La France a retiré du service les armes interdites par la convention avant même que cette dernière soit signée. Elle a été le vingtième État à la ratifier, neuf mois à peine après sa signature, et nous prenons dans la foulée les mesures législatives nécessaires.

Nous souhaitons évidemment que l’Assemblée nationale puisse très prochainement examiner ce texte après le vote du Sénat aujourd’hui. Cela permettrait en effet une promulgation de la loi avant le 1er août prochain, date à laquelle la convention d’Oslo entrera en vigueur dans tous les États qui l’ont ratifiée.

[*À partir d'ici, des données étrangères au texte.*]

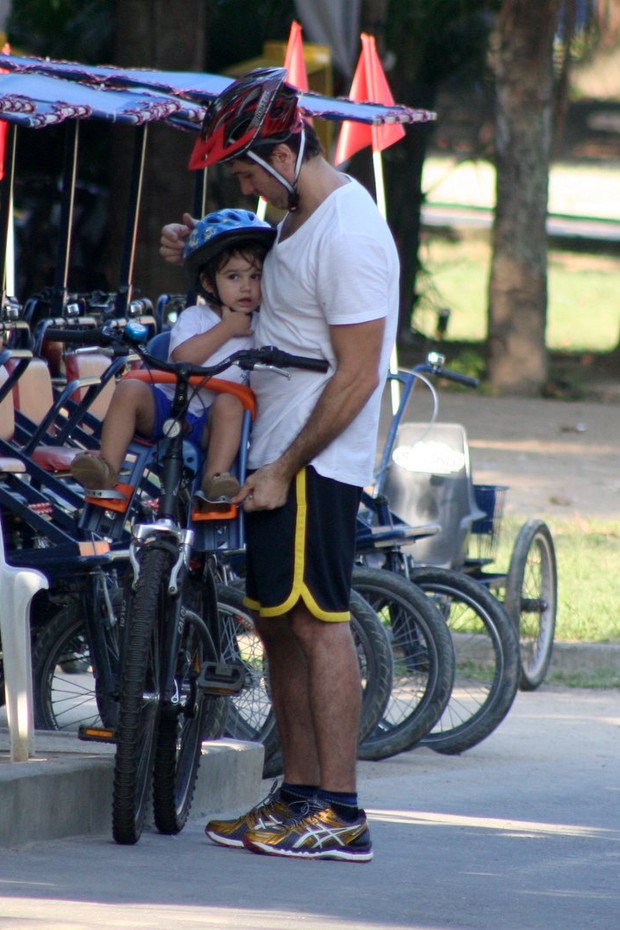 Eriberto Leão com o filho na Lagoa (Foto: JC Pereira / Foto Rio News)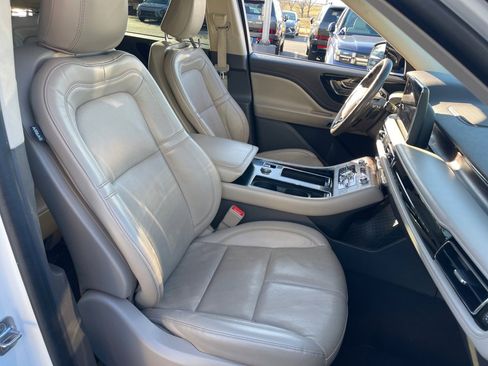 Used 2021 Lincoln Aviator Grand Touring w/ Equipment Group 301A image 28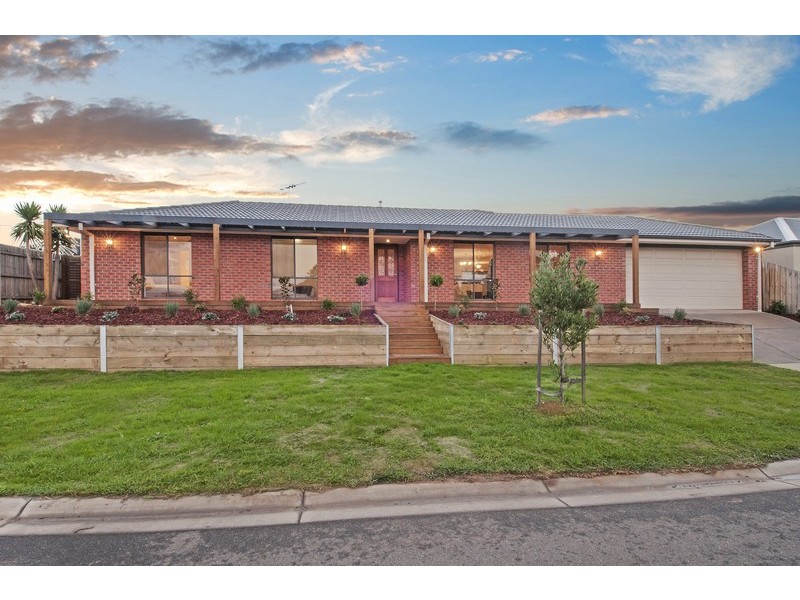 6 Olivia Way, Hastings VIC 3915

Ce projet de loi est un texte bref qui vise à insérer un nouveau chapitre dans la partie du code de la défense relative aux armes interdites. Ce chapitre relatif aux armes à sous-munitions vient à la suite de celui qui est consacré aux mines antipersonnel, sur lequel il est largement calqué.

Le projet de loi retient un champ d’interdiction rigoureusement conforme à celui de la convention d’Oslo, renvoyant à celle-ci pour la définition des armes prohibées. Il reprend la clause de la convention relative à l’interopérabilité. Cette clause exclut que la participation à une opération militaire internationale aux côtés d’un pays possédant ou utilisant des armes à sous-munitions tombe sous le coup de l’interdiction, sous réserve qu’il n’y ait pas d’implication dans leur mise en œuvre.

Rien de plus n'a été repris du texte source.